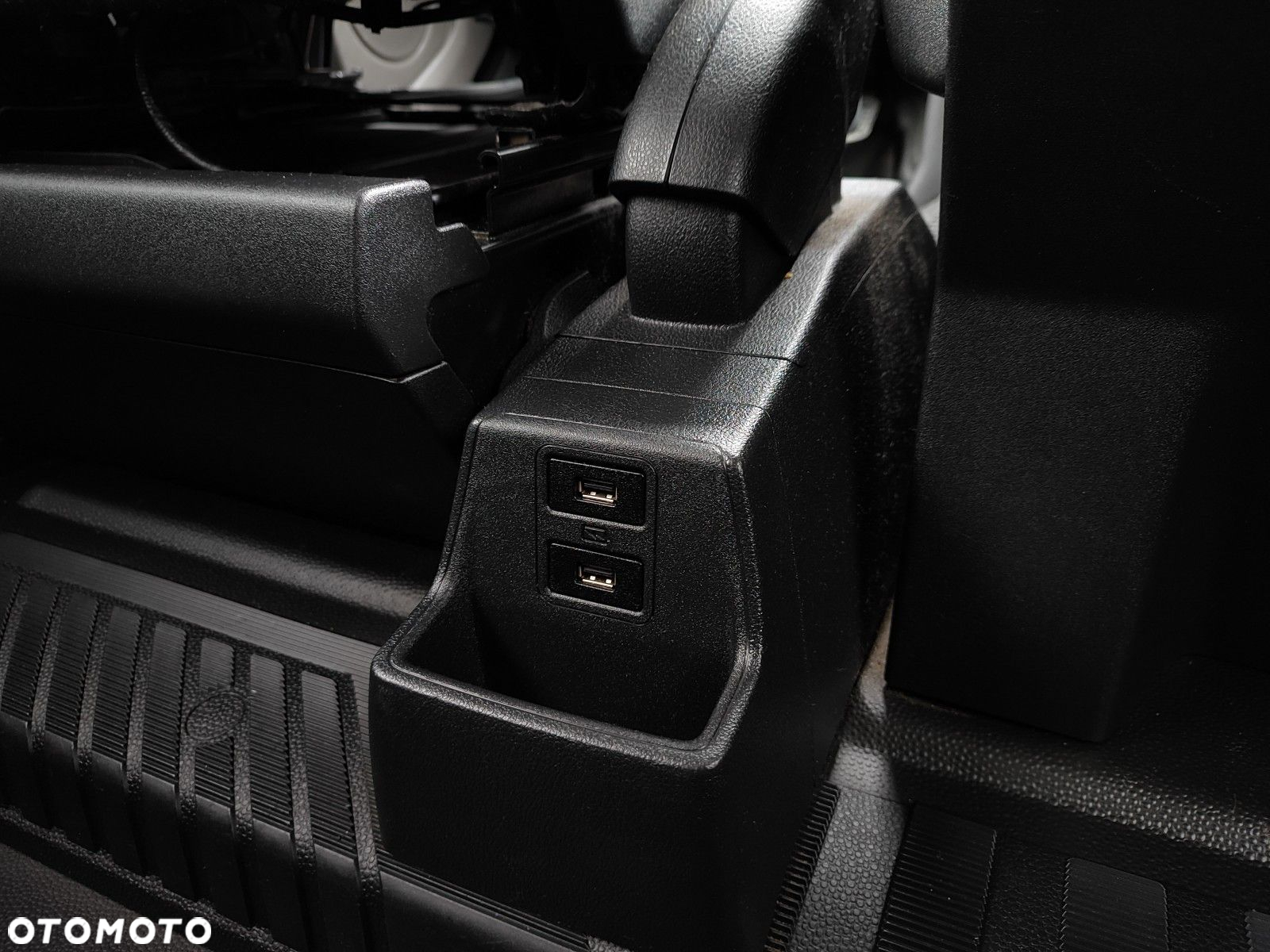 Ford Transit Custom Kombi 320 L1H1 Trend - 17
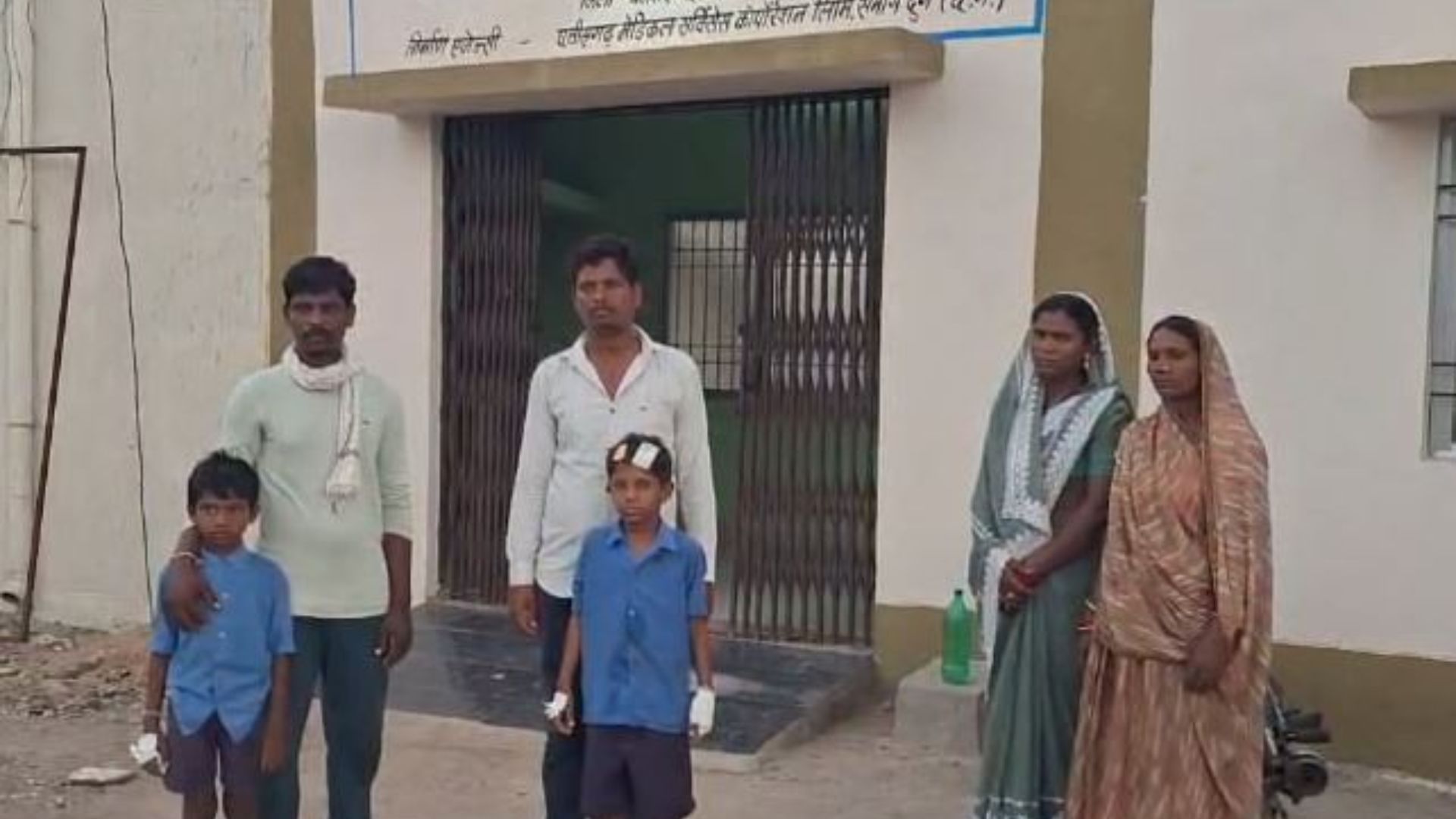 Chhattisgarh News:बच्चों की जान से खिलवाड़! सरकारी स्कूल की छत गिरी, तीन छात्र घायल; जांच की मांग
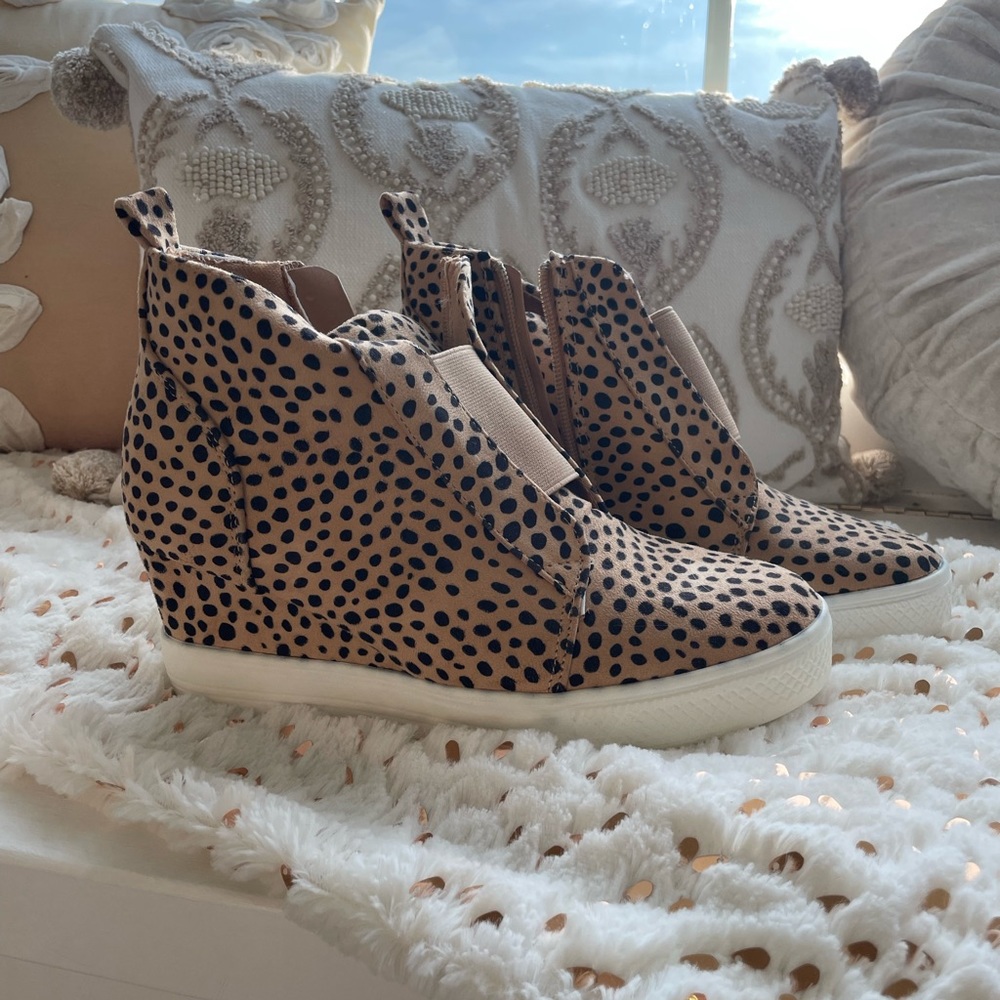 Leopard spotted platform shoe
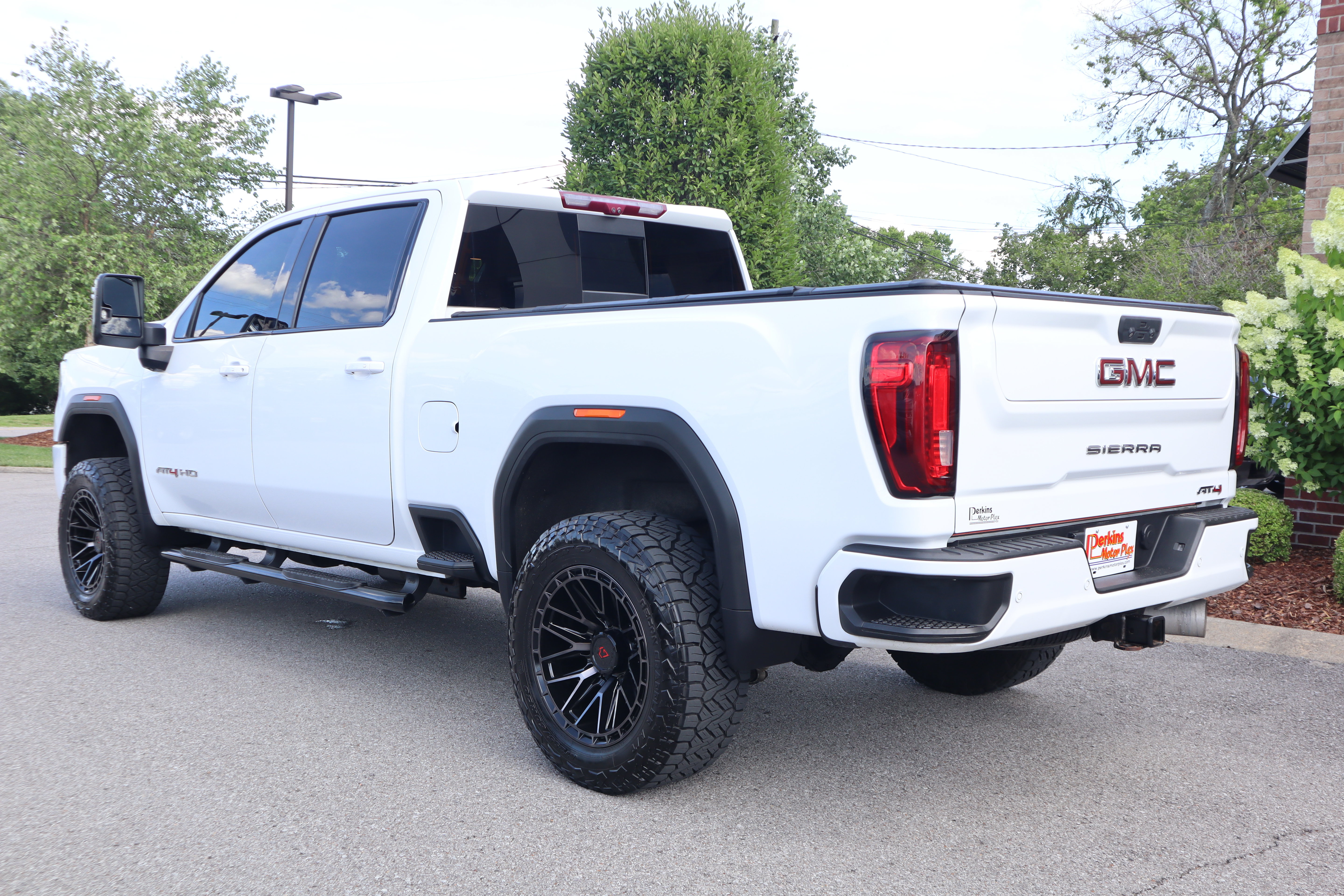 Used 2022 GMC Sierra 2500 AT4 w/ AT4 Premium Plus Package AWD/4WD image 10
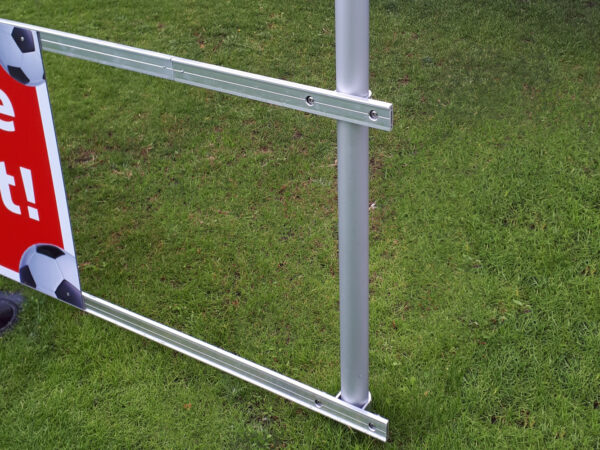 Halterungen für Bandenwerbung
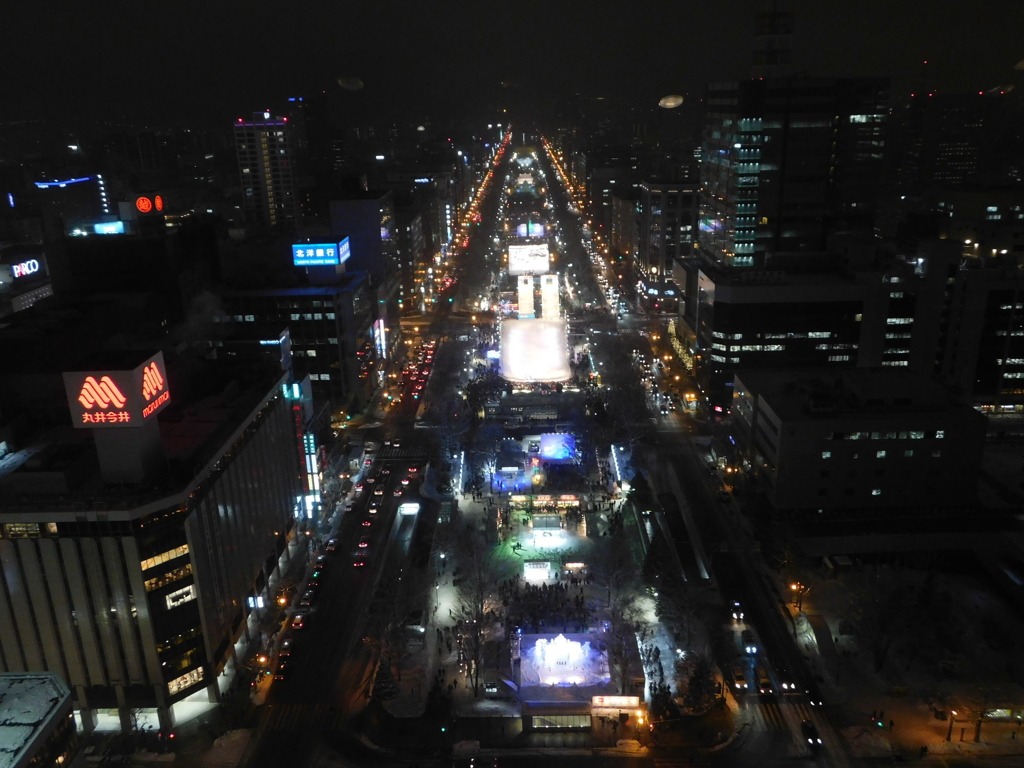 札幌市大通～さっぽろ雪まつり中のテレビ塔展望台夜景０７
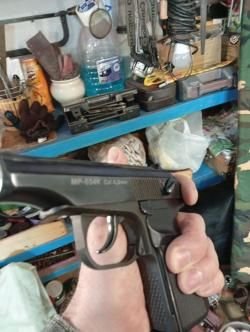 Пневматический пистолет иж мр 654к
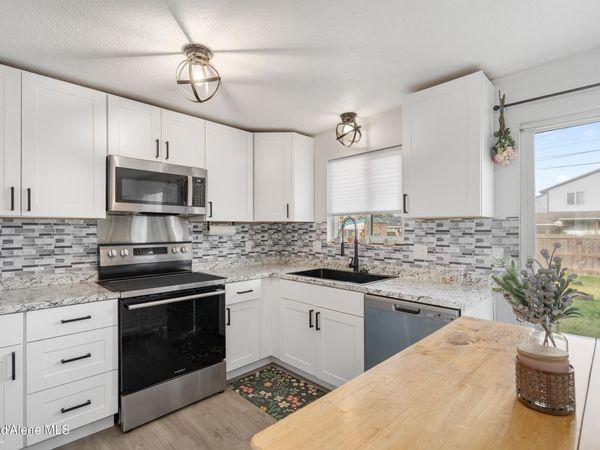 1609 E Park Ln, Post Falls, ID 83854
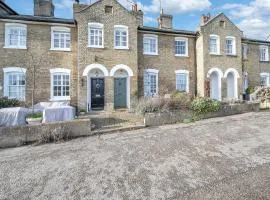 Charming Church Walk, Long Melford - 2 bedroom property with parking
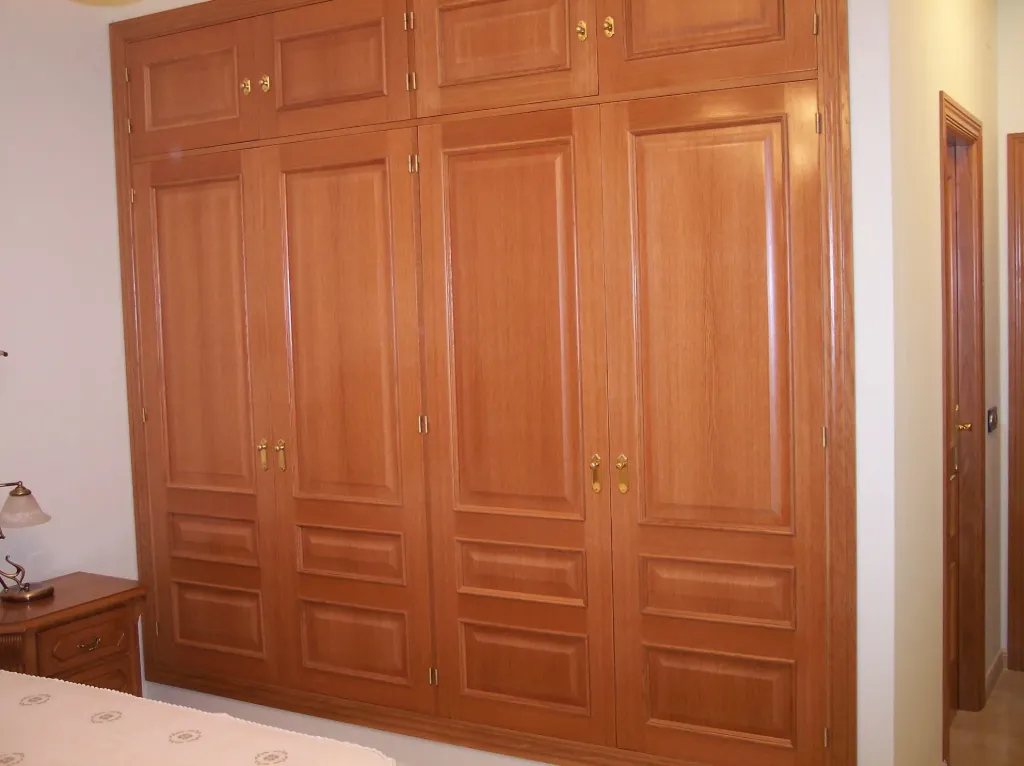 Armario modelo 430X roble barnizado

•••••

• _PROBLEM REQUIREMENTS_: Of the records above, print only the lines from the one containing "Chhattisgarh News:बच्चों की" through the one containing "Пневматический пистолет иж мр 654к", inclusive and unaltered, leaving out pictures.

• _ANSWER SECTION_:
 Chhattisgarh News:बच्चों की जान से खिलवाड़! सरकारी स्कूल की छत गिरी, तीन छात्र घायल; जांच की मांग
 Leopard spotted platform shoe
 Used 2022 GMC Sierra 2500 AT4 w/ AT4 Premium Plus Package AWD/4WD image 10
 Halterungen für Bandenwerbung
 札幌市大通～さっぽろ雪まつり中のテレビ塔展望台夜景０７
 Пневматический пистолет иж мр 654к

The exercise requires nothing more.